Work to complete:
Word for word, write the lines below out again, with no pictures.
..............................
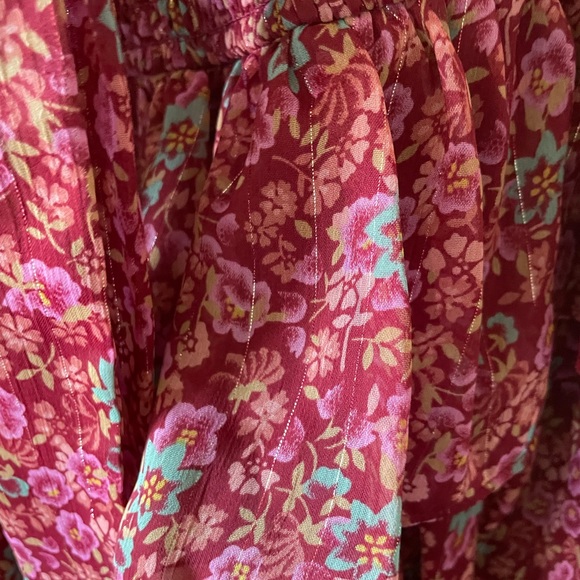 LIKELY Mitzie Dress - Picture 5 of 5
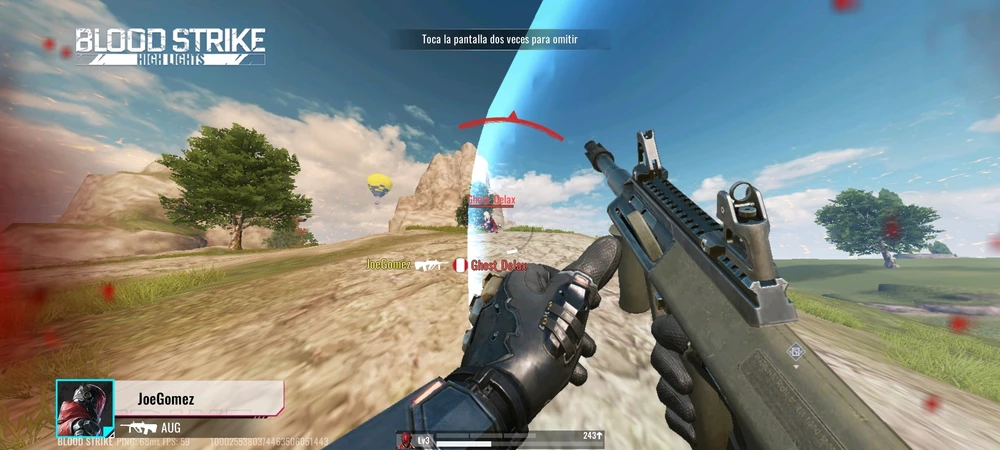 GIF subido por Joe Gómez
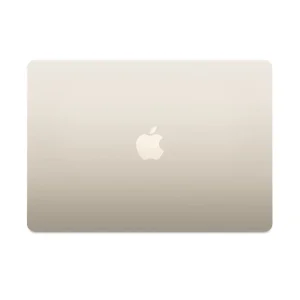 لپ تاپ اپل 15.3 اینچی مدل مک بوک ایر MDVF4 2026 M5 24GB 1TB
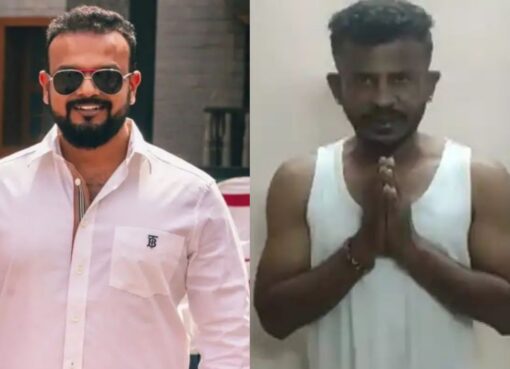 ಉಮಾಪತಿ, ಪ್ರಥಮ್ ವಿರುದ್ಧ ಕೊಲೆ ಬೆದರಿಕೆ – ದರ್ಶನ್ ಅಭಿಮಾನಿಯನ್ನು ರುಬ್ಬಿದ ಪೋಲಿಸರು, ಕ್ಷಮೆಯಾಚಿಸಿದ ಅಂದಾಭಿಮಾನಿ
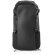 Mochila de senderismo Alasca con revestimiento impermeable Negro detalle 10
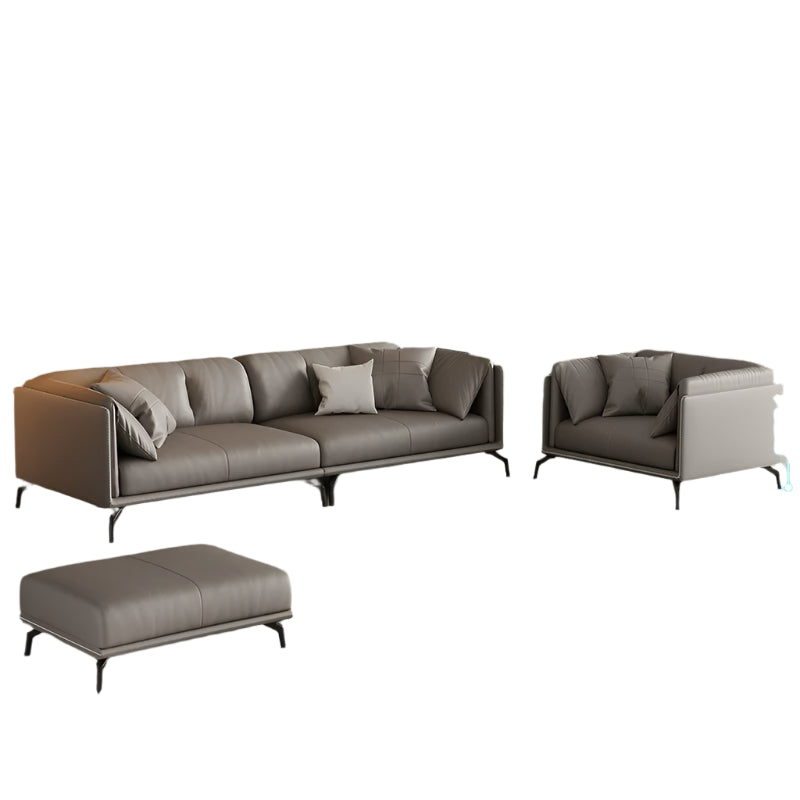 DIPU Diana Modern Technology Sofa from DIPU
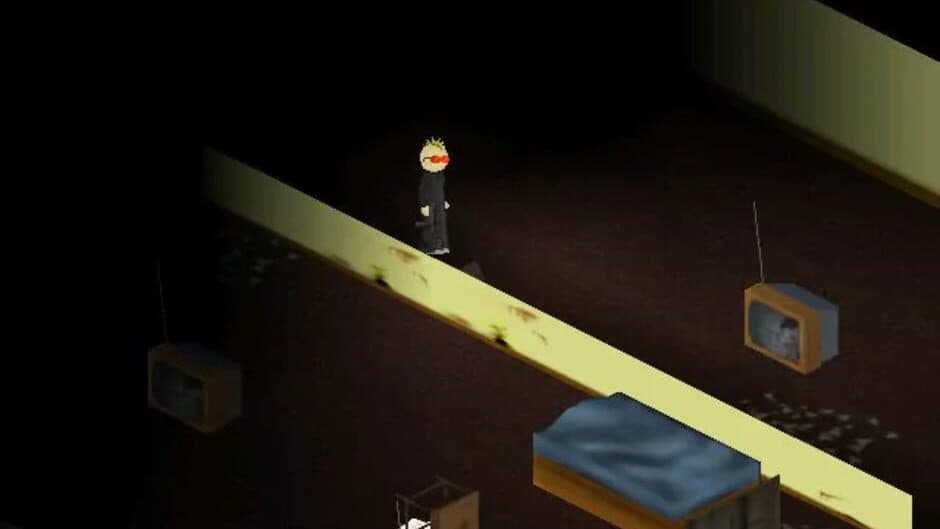 Survival Crisis Z screenshot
..............................
Response below:
 LIKELY Mitzie Dress - Picture 5 of 5
 GIF subido por Joe Gómez
 لپ تاپ اپل 15.3 اینچی مدل مک بوک ایر MDVF4 2026 M5 24GB 1TB
 ಉಮಾಪತಿ, ಪ್ರಥಮ್ ವಿರುದ್ಧ ಕೊಲೆ ಬೆದರಿಕೆ – ದರ್ಶನ್ ಅಭಿಮಾನಿಯನ್ನು ರುಬ್ಬಿದ ಪೋಲಿಸರು, ಕ್ಷಮೆಯಾಚಿಸಿದ ಅಂದಾಭಿಮಾನಿ
 Mochila de senderismo Alasca con revestimiento impermeable Negro detalle 10
 DIPU Diana Modern Technology Sofa from DIPU
 Survival Crisis Z screenshot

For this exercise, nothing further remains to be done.